- **What needs to be done**: What you return must match the listing exactly, with every image removed.

- **Supplied data**:
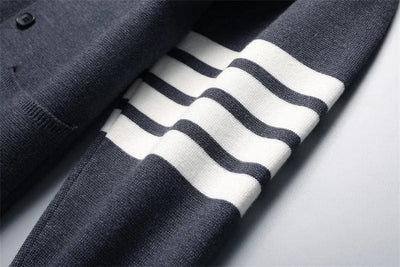 Manchesterski kardigan džemper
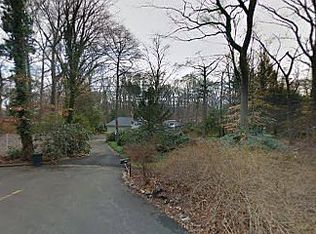 15 Four Brooks Cir, Stamford, CT 06903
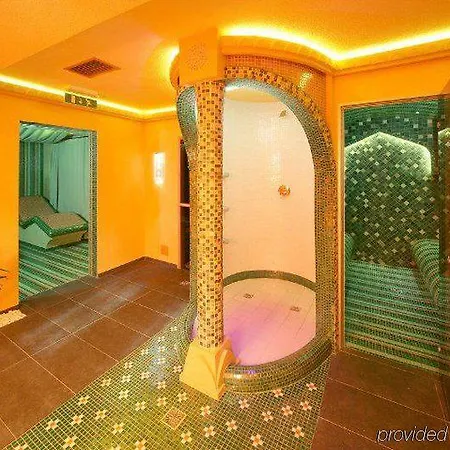 Unipharma 3* דונובאלי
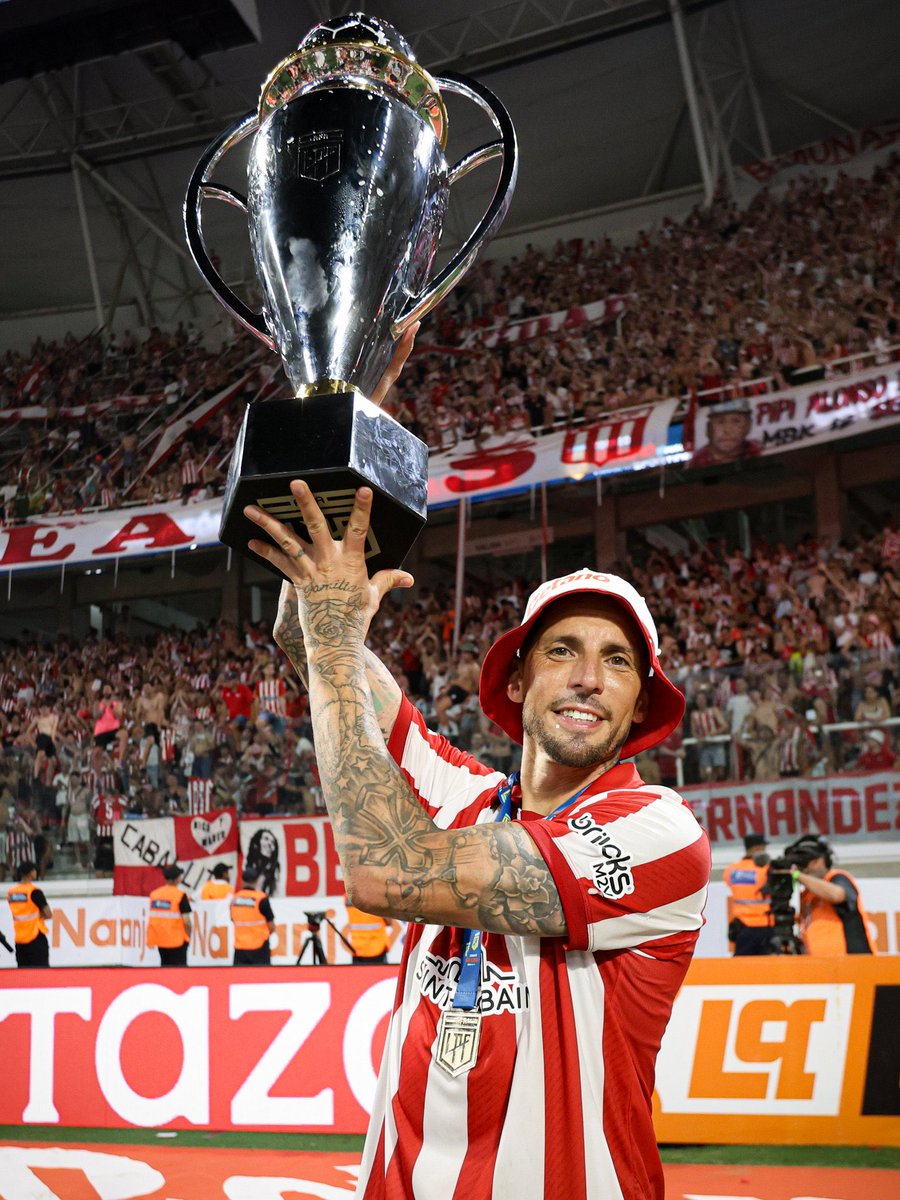 SimpsonsPincha's tweet photo. - Figura final vs DyJ.
- Centro final vs Racing.
- Mejora al equipo en final vs Platense.
- Calma y buenos centros vs DIM.

Cuando las papas queman y hace falta jerarquía y mente fría, ponelo a José.

#EDLP https://t.co/CaJ8YGaNlA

- **Reply to the exercise**:
 Manchesterski kardigan džemper
 15 Four Brooks Cir, Stamford, CT 06903
 Unipharma 3* דונובאלי
 SimpsonsPincha's tweet photo. - Figura final vs DyJ.
- Centro final vs Racing.
- Mejora al equipo en final vs Platense.
- Calma y buenos centros vs DIM.

Cuando las papas queman y hace falta jerarquía y mente fría, ponelo a José.

#EDLP https://t.co/CaJ8YGaNlA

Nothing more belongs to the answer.